Tempi e retribuzioni
Tra le voci più negative dello scenario analizzato dall’Istat spicca invece il tempo medio del rinnovo dei contratti, che si è allargato e anche di molto. Come riporta la nota dell’Istituto, il tempo medio di attesa di rinnovo per i lavoratori con contratto scaduto, tra marzo 2021 e marzo 2022, è aumentato da 22,6 a 30,8 mesi, mentre per fortuna diminuisce lievemente per il totale dei dipendenti (da 17,7 a 17,0 mesi). Qualche segnale ottimistico, anche se di lievissima entità, arriva dall’andamento delle retribuzioni, anche se si tratta di una crescita resta contenuta. La retribuzione oraria media nel periodo gennaio-marzo 2022 è dello 0,6% più elevata rispetto allo stesso periodo del 2021. L’indice delle retribuzioni contrattuali orarie a marzo 2022 segna un aumento dello 0,1% rispetto al mese precedente e dello 0,7% rispetto a marzo 2021. In particolare, l’aumento tendenziale è stato dell’1,6% per i dipendenti dell’industria, dello 0,4% per quelli dei servizi privati ed è stato nullo per i lavoratori della pubblica amministrazione.
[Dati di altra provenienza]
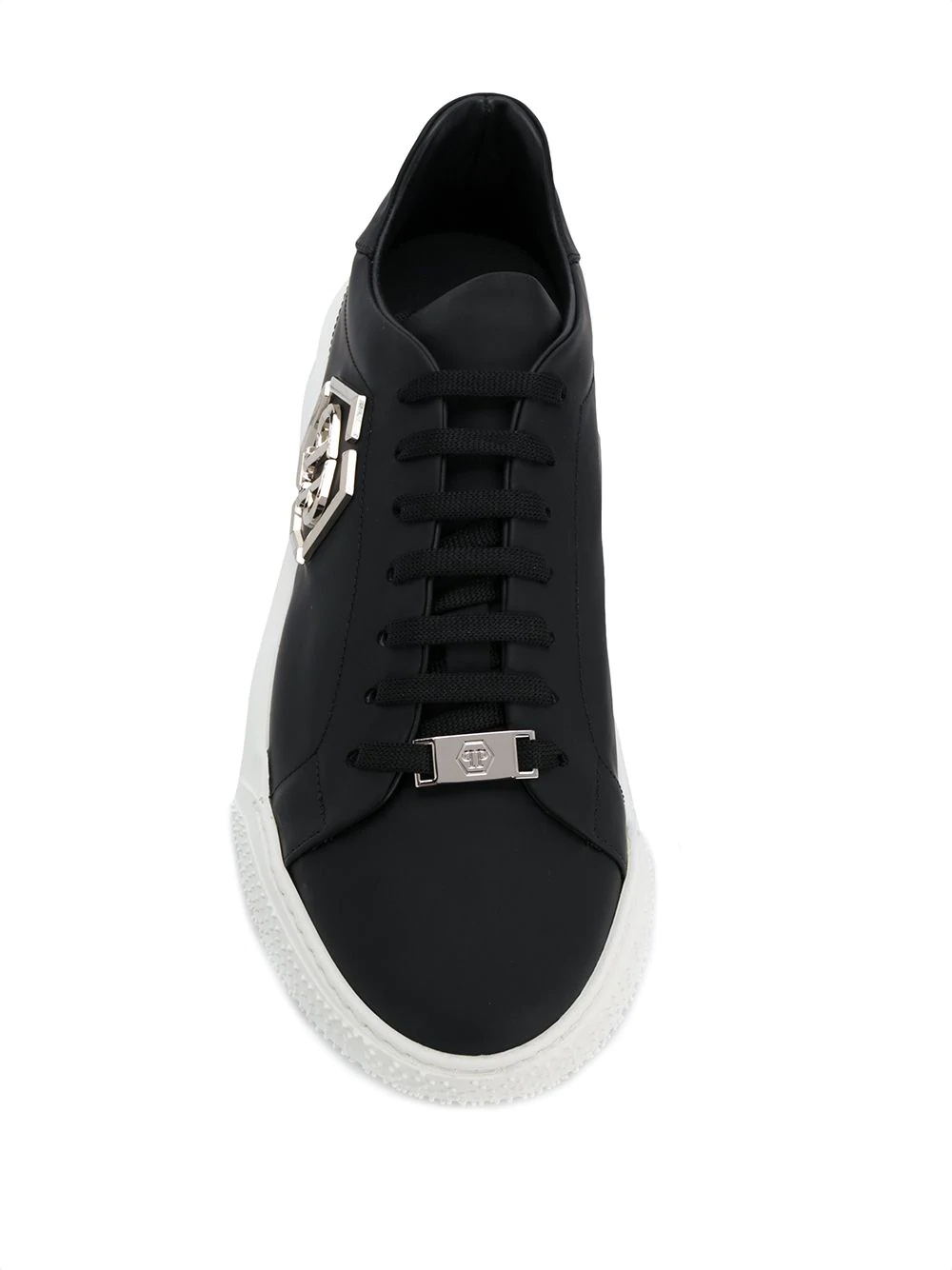 logo plaque low top sneakers - 4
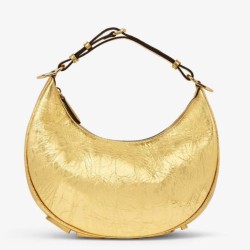 Riproduzione Fedele Fendi Fendigraphy Piccola Borsa Hobo Oro Laminato imitazioni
I settori che presentano gli aumenti tendenziali più elevati sono quelli delle farmacie private (+3,9%), dell’edilizia (+3,3%), delle telecomunicazioni (+2,5%) e del legno, carta e stampa (+2,3%). L’incremento è invece nullo per il commercio, i servizi di informazione e comunicazione, il credito e assicurazioni e la pubblica amministrazione.